I'm unable to find where (nor how) to configure the ip tables at nor anything else that may be able to be tweaked to help speed things up.

Any Ideas?


Also, here's some more background... When I was hired for this job, no one was able to tell me how things were configured, what settings for each user did what, etc. I was left in the dark. I've read up on standard installs of Linux Mandrake, Apache Server, and Routing how-to's, but nothing seems to match up to the system..... everything's out of place (probably for security) and no one will tell me where they are.
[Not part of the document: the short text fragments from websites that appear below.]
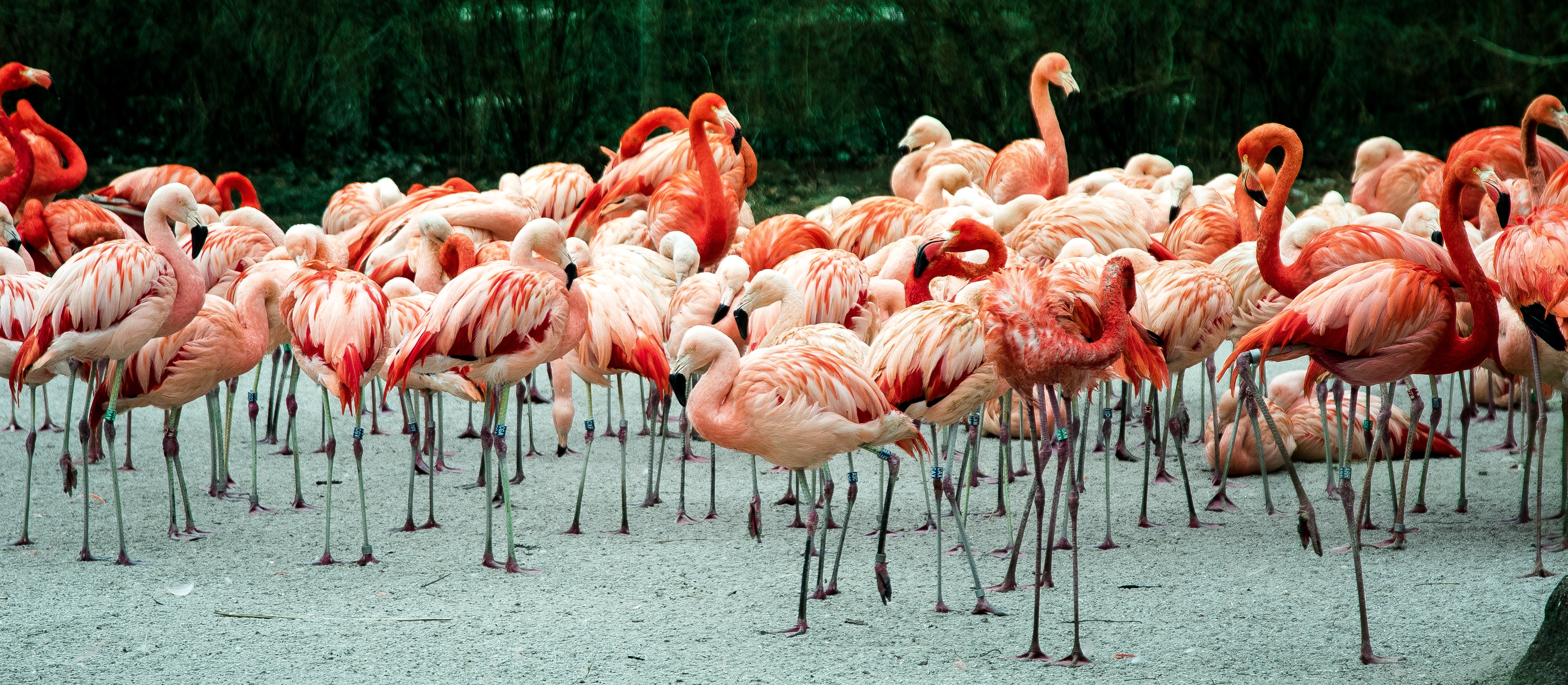 Group of flamingos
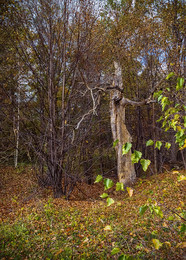 Леший / Осенний лес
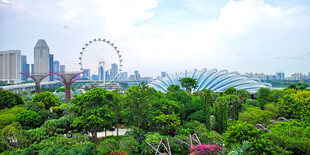 新加坡城市与绿植景观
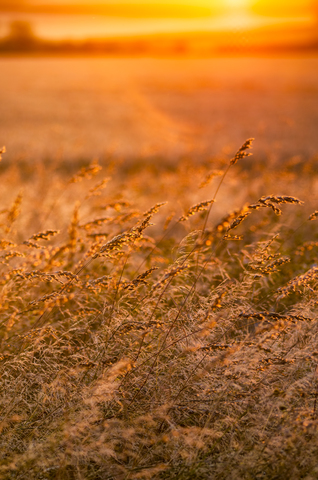 Großbritannien, Schottland, East Lothian, wilde Gräser im Gegenlicht der Sonne bei Sonnenuntergang, lizenzfreies Stockfoto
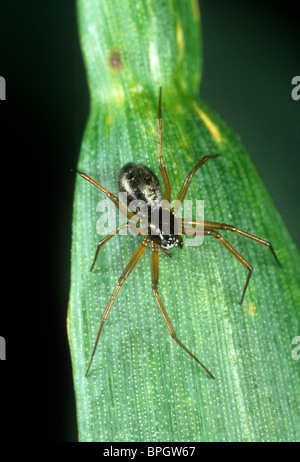 Linyphiid ou argent araignée (Lepthyphantes tenuis) sur une feuille de céréales Banque D'Images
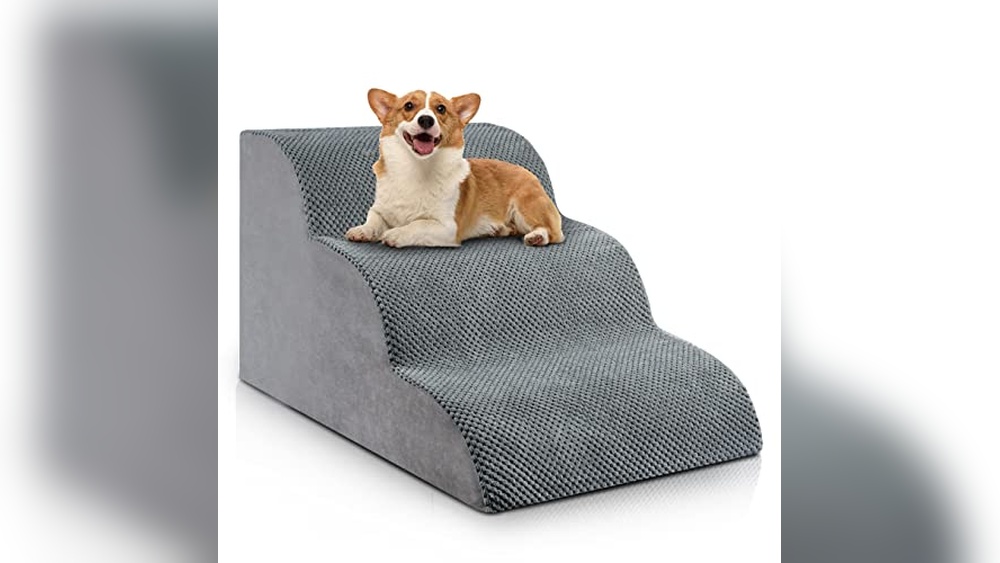 Best Dog Steps for Small Dogs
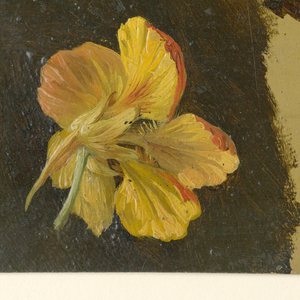 Drawing (France)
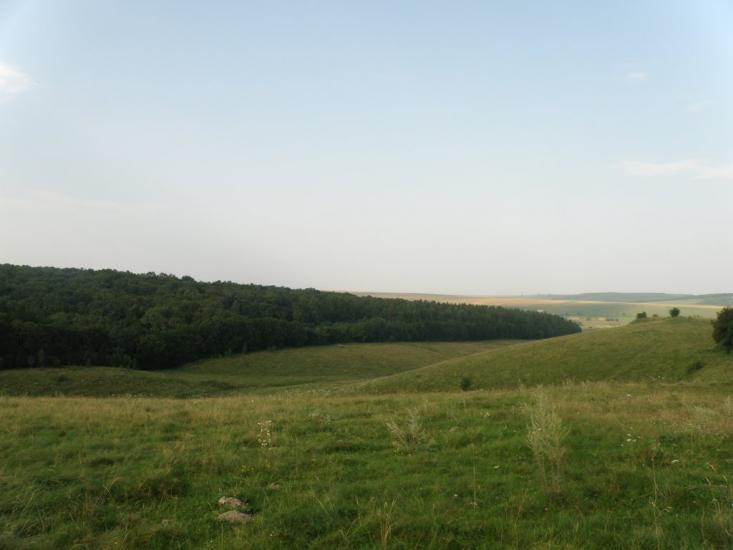 Монастириська з panoramio.com - Монастыриска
The guy I replaced basically told me to just sweep the floor and deal with the customers and you wont have to worry about anything. Which is fine, but I don't feel that the title 'admin' is fitting too well to my job and I know some users are having difficulties.....and when it breaks, it's up to me to fix it. And with just a few custom scripts I may not be able to.....

Am I just being way over paranoid?
Do I need to dig further into the system?

I'm starting to feel really in the dark about some concepts.


In other words.......I need job security!! Anyone got pointers?
codejockey's Avatar
Senior Member with 1,410 posts.
 
Join Date: Feb 2002
27-May-2002, 10:21 AM #2
First of all, kudos for wanting to do more than just "run the scripts". Running the scripts is fine as far as it goes, but the truth is it doesn't go very far. We've all had to deal with tech support that had no real idea what they were doing, and just ran through a series of canned responses and procedures.
OK, that said, a couple of questions by way of clarification:

(1) which ip tables are you trying to modify (routing tables, ipchains/masquerading tables, host/domain tables, etc.)?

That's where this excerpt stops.